Would you write out the listing verbatim and skip every picture in it?

#####

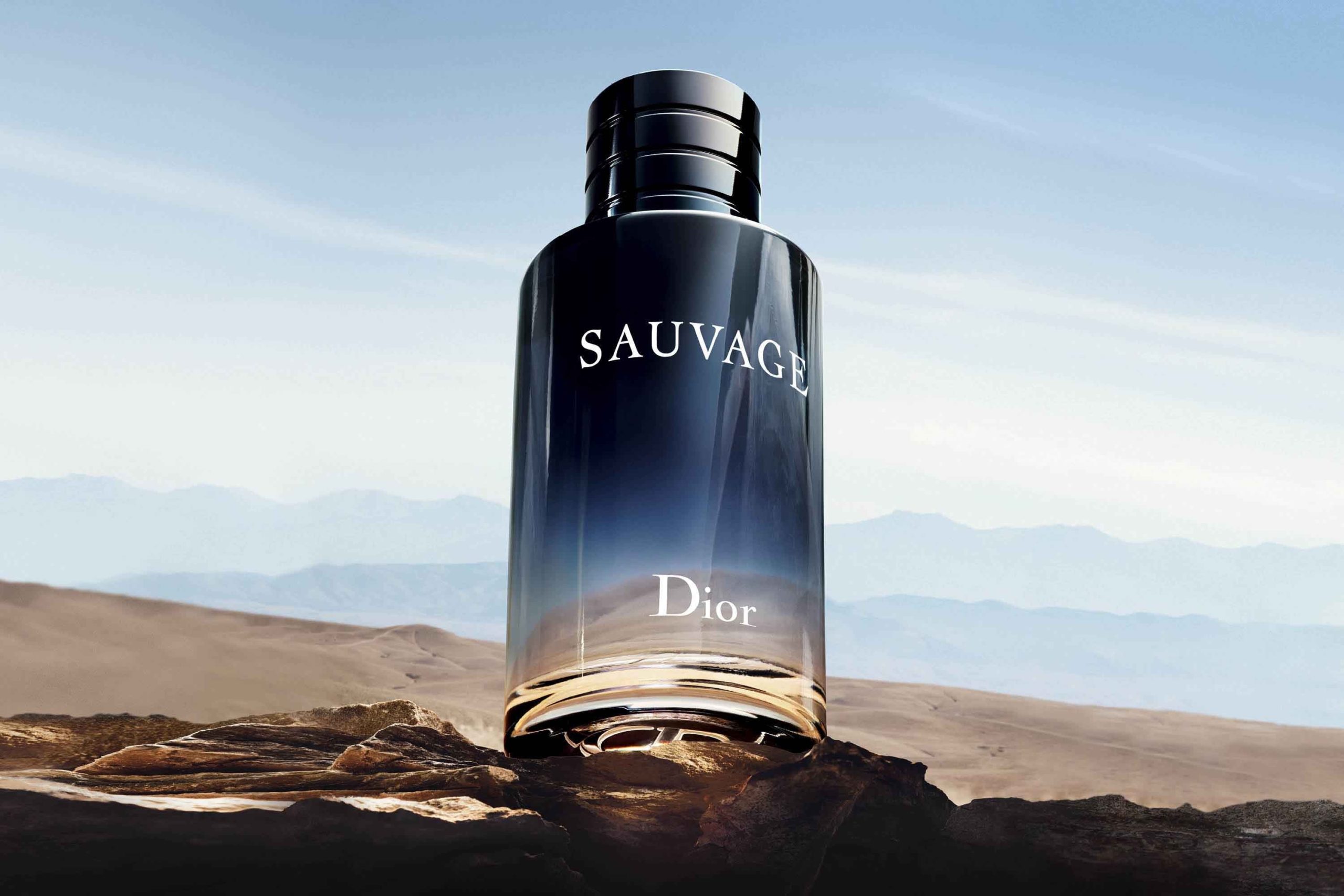 sauvage 100ml eau de toilette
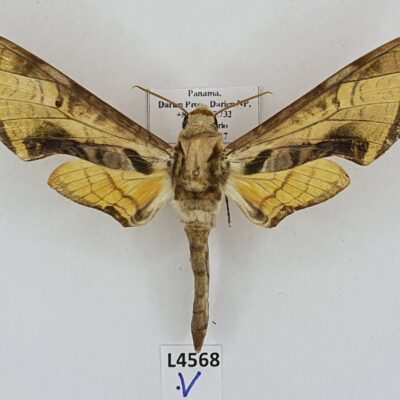 Sphingidae, Protambulyx goeldii, male, A2-, Panama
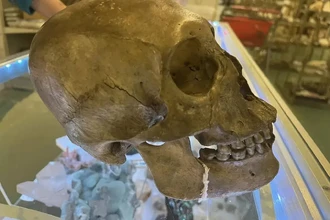 Антрополог нашла настоящий человеческий череп в хэллоуинском отделе магазина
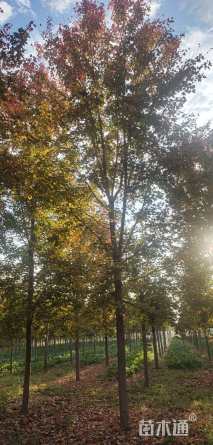 14公分美国红枫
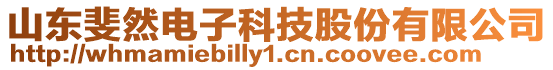 山東斐然電子科技股份有限公司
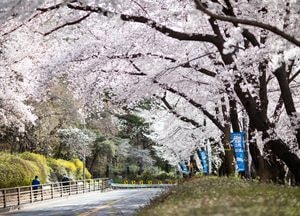 코로나19 확산...‘경기도청 봄꽃축제’ 개최하지 않기로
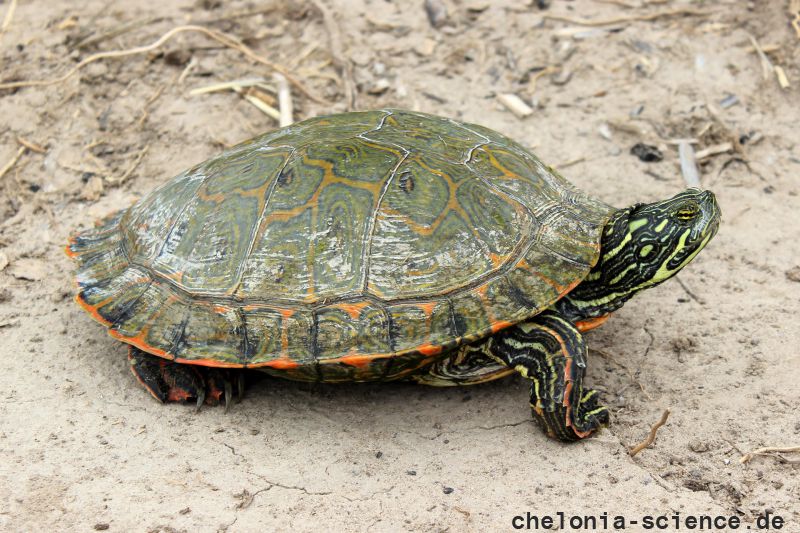Rio Grande Schmuckschildkröte, Pseudemys gorzugi, – © Drew R. Davis Rio Grande Schmuckschildkröte, Pseudemys gorzugi, – © Drew R. Davis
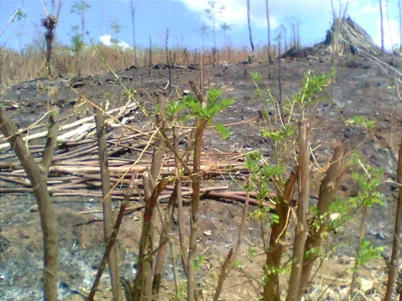 Gambar 2. Lahan petani yang  dibersihkan dengan cara membakar  5.5.  Pemulsaan 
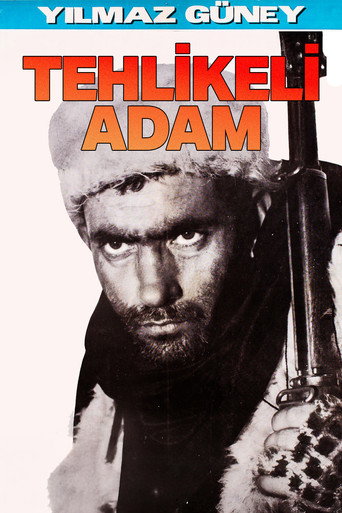 Póster de Tehlikeli Adam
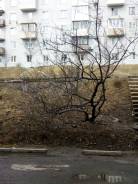 2-комнатная, улица Бокситогорская 41. Южный, частное лицо, 52 кв. м. Вид из окна днём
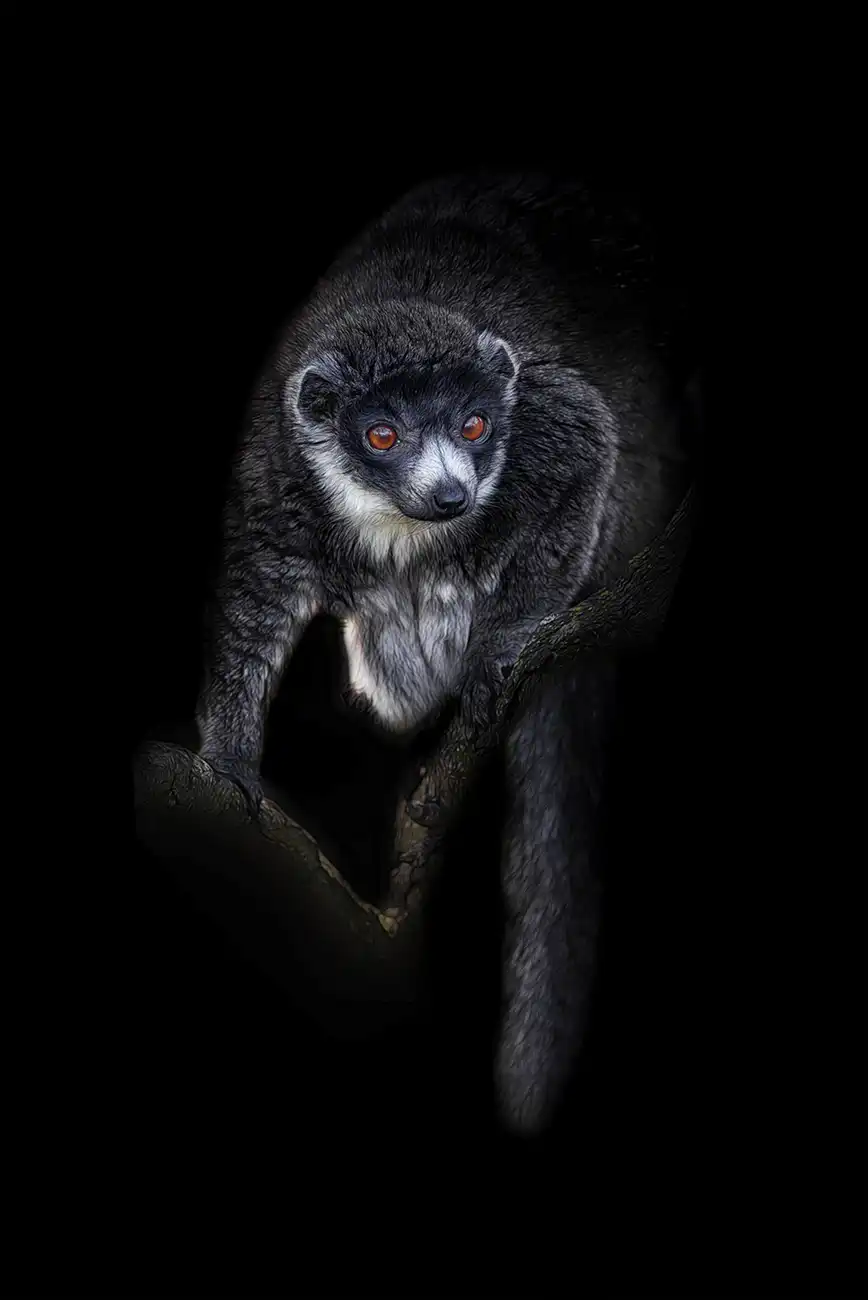 Fine-art portrait of Mongoose lemur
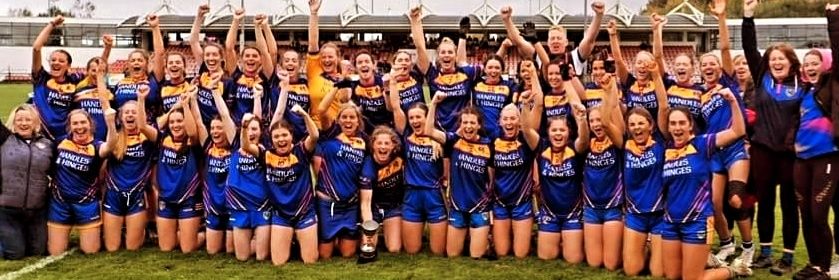 Lisgoold Ladies Football & Camogie Club banner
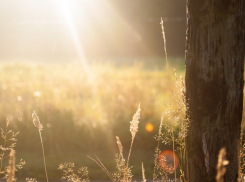 День осеннего равноденствия: советы для таганрожцев на 22 сентября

#####

[SOLUTION FOR THIS EXERCISE]:
 sauvage 100ml eau de toilette
 Sphingidae, Protambulyx goeldii, male, A2-, Panama
 Антрополог нашла настоящий человеческий череп в хэллоуинском отделе магазина
 14公分美国红枫
 山東斐然電子科技股份有限公司
 코로나19 확산...‘경기도청 봄꽃축제’ 개최하지 않기로
Rio Grande Schmuckschildkröte, Pseudemys gorzugi, – © Drew R. Davis Rio Grande Schmuckschildkröte, Pseudemys gorzugi, – © Drew R. Davis
 Gambar 2. Lahan petani yang  dibersihkan dengan cara membakar  5.5.  Pemulsaan 
 Póster de Tehlikeli Adam
 2-комнатная, улица Бокситогорская 41. Южный, частное лицо, 52 кв. м. Вид из окна днём
 Fine-art portrait of Mongoose lemur
 Lisgoold Ladies Football & Camogie Club banner
 День осеннего равноденствия: советы для таганрожцев на 22 сентября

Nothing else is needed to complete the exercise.